=== WHAT THE TASK REQUIRES ===
Within the records below, find the line containing "2007 Chaparral 246ssi". Reproduce it and each line after it exactly, and nothing else.

==== STUDY MATERIAL

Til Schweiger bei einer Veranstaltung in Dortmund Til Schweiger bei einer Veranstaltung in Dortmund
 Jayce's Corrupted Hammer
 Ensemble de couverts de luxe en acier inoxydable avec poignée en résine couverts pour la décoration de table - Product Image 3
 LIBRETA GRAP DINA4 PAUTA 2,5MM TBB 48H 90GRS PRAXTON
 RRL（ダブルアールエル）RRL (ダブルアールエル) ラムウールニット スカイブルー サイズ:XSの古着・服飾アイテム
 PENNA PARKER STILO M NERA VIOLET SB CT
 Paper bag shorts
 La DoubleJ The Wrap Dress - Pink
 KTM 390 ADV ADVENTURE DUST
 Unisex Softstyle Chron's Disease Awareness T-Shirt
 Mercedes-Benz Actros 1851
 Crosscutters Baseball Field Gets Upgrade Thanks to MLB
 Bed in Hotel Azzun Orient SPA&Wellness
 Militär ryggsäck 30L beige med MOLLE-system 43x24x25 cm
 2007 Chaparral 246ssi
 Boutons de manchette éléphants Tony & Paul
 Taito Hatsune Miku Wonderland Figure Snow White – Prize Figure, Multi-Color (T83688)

========

=== OUTPUT FOR THIS EXERCISE ===
 2007 Chaparral 246ssi
 Boutons de manchette éléphants Tony & Paul
 Taito Hatsune Miku Wonderland Figure Snow White – Prize Figure, Multi-Color (T83688)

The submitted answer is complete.